Figure 2: PolicyBank framework—memory initialized from policies and schema, agent-triggered retrieval during execution, post-hoc feedback-based trajectory analysis, and iterative memory refinement.

Feedback-Driven Memory Evolution

Post-task, a dedicated Policy Agent analyzes the full trajectory and developer feedback (both scalar reward and optional NL explanation). It distinguishes whether failure stems from execution or alignment, and then performs one of: adding a new entry, revising an existing one, or omitting changes if no new insight is gained.

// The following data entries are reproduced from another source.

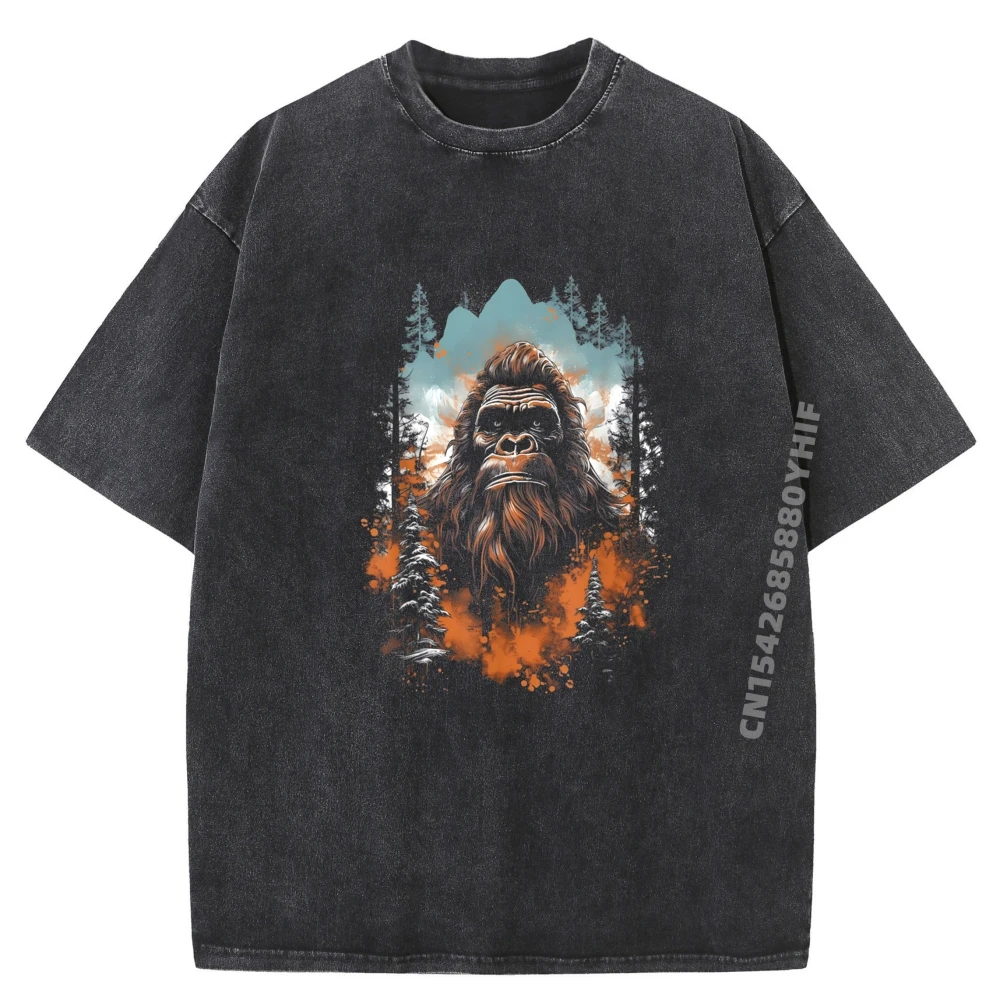 

Мужская футболка Bigfoot Sasquatch Lovers в стиле фанк с коротким рукавом и принтом, мужская летняя стираная рубашка из чистого хлопка с принтом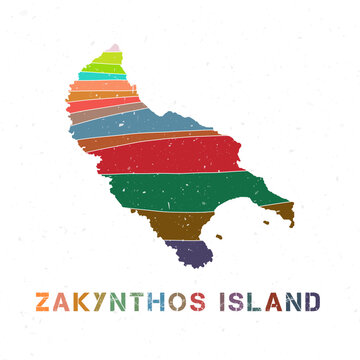 Zakynthos Island map design. Shape of the island with beautiful geometric waves and grunge texture. Appealing vector illustration.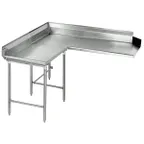 image of Eagle Group CDTCL-60-16/4 Clean "L" Shaped Dishtable w/ Corner Design, Left, 8" Backsplash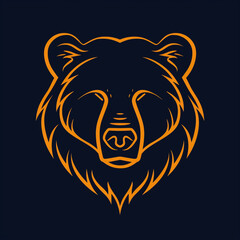 Simple line graphic logo of North American bear, simple minimal, cute--no realistic photo details сreated with Generative Ai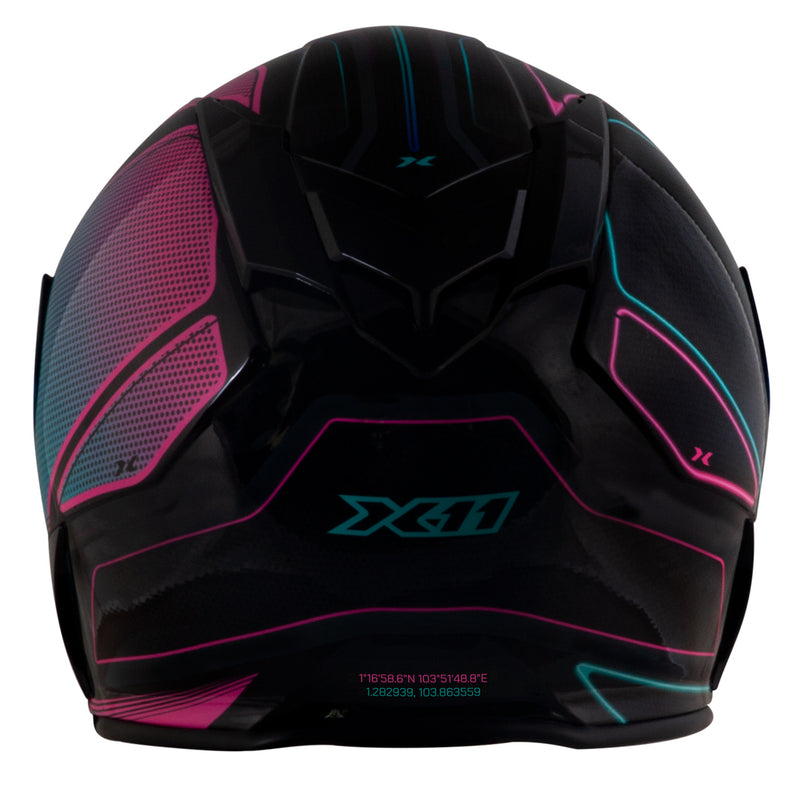 Capacete X11 REVO PRO TRONIX SV - Cor Rosa/Acqua com Viseira Extra Tamanho 56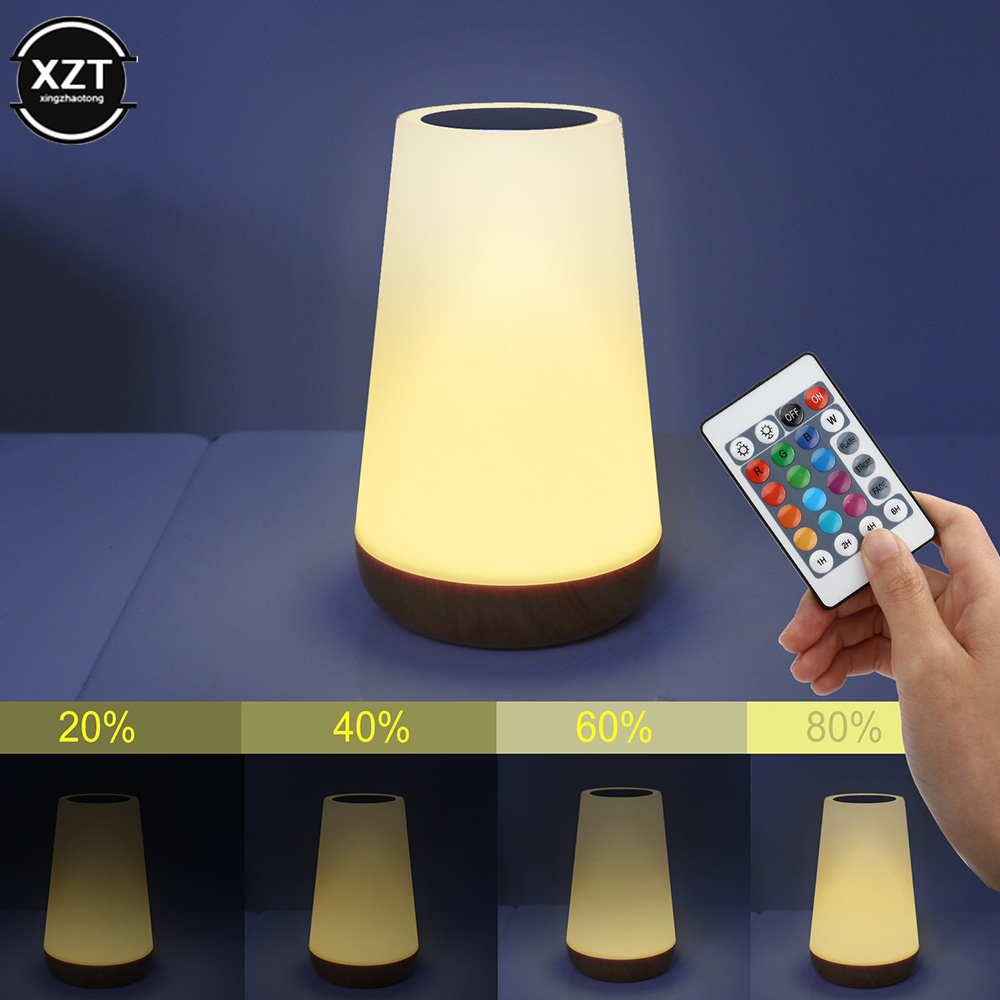 Luz Noturna RGB Portátil com Controle Remoto, 7 Mudanças de Cor, Regulável, Toque, Mesa, Lâmpadas de Cabeceira, USB Recarregável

This iteration biases refinement toward actionable, capability-level rules, efficiently accumulating precise exceptions and clarifications over streaming tasks.

Empirical Results: Closing the Policy Gap

Main Benchmark Findings

On the extended τ-Bench, traditional memory frameworks (e.g., Synapse, AWM, ReasoningBank) exhibit near-zero adaptation on policy-gap scenarios, regardless of retrieval frequency. In contrast, PolicyBank closes up to 82% of the performance gap to a human oracle, maintaining near-optimal accuracy and—critically—high pass@k consistency for production deployment. Figure 3

Figure 3

Figure 3: Pass rate across task families. PolicyBank achieves substantial adaptation and maintains performance across variants designed to isolate alignment errors.

  • Gemini-3-Pro and Claude-4.5-Opus, Airline domain, sister tasks: PolicyBank: $0.74/0.72$ (pass1pass_1), Baselines: ≤0.45\leq 0.45
  • Retail domain: Similar trends are observed with substantial deltas over No Memory and SOTA baselines.

Memory with only binary feedback is insufficient for robust alignment; natural language explanations as part of corrective feedback are vital for deducing which clauses or conditions require update and avoiding oscillation or misgeneralization.

Policy Evolution and Generalization Dynamics

Ablation and trajectory analyses reveal that aligning to evolving requirements is not one-shot but an incremental, evidence-driven process. PolicyBank’s design allows iterative corrections (learning, over-generalization, further partition/refinement) as more edge cases are encountered, unlike static or trajectory-memorization-based schemes. Figure 4

Figure 4: Evolutionary trajectory of a policy entry—an initial over-broad revision is refined by subsequent conflicting cases, converging on the true requirement.

Performance remains robust to task complexity and variant generalization, confirming that the system neither overfits on individual corrections nor regresses under confounding complexity.

Theoretical and Practical Implications

PolicyBank demonstrates that:

  • Agent memory, when explicitly structured and coupled to a principled feedback-driven refinement mechanism, enables autonomous evolution of policy understanding, rather than rote compliance or brittle instruction following.
  • Specification repair is feasible without explicit manual re-editing—effectively, agents automate a core bottleneck in the deployment of trustworthy AI in policy-intensive settings.
  • PolicyBank’s architecture is orthogonal and complementary to runtime guardrails and verification agents (e.g., ShieldAgent (Chen et al., 26 Mar 2025), VeriGuard (Miculicich et al., 3 Oct 2025)), jointly supporting robust, adaptive, and provable compliance.

This work opens avenues for:

  • Scaling testbeds to broader domains, richer policy grammars, and adversarial feedback scenarios,
  • Integrating with formal methods (logic-based or statistical policy auditing (Hooda et al., 2024)) for end-to-end safety and robustness,
  • Extending to continual post-deployment evolution, including dynamic regulatory update adaptation.

Conclusion

PolicyBank advances the study of agent alignment by demonstrating that evolving policy understanding is both measurable and achievable under dynamic, interactive, real-world conditions. The framework not only advances agent robustness in the face of ambiguous or faulty specifications but provides a systemic solution for autonomous policy repair, a critical step for the deployment of safe and compliant LLM agents at scale (2604.15505).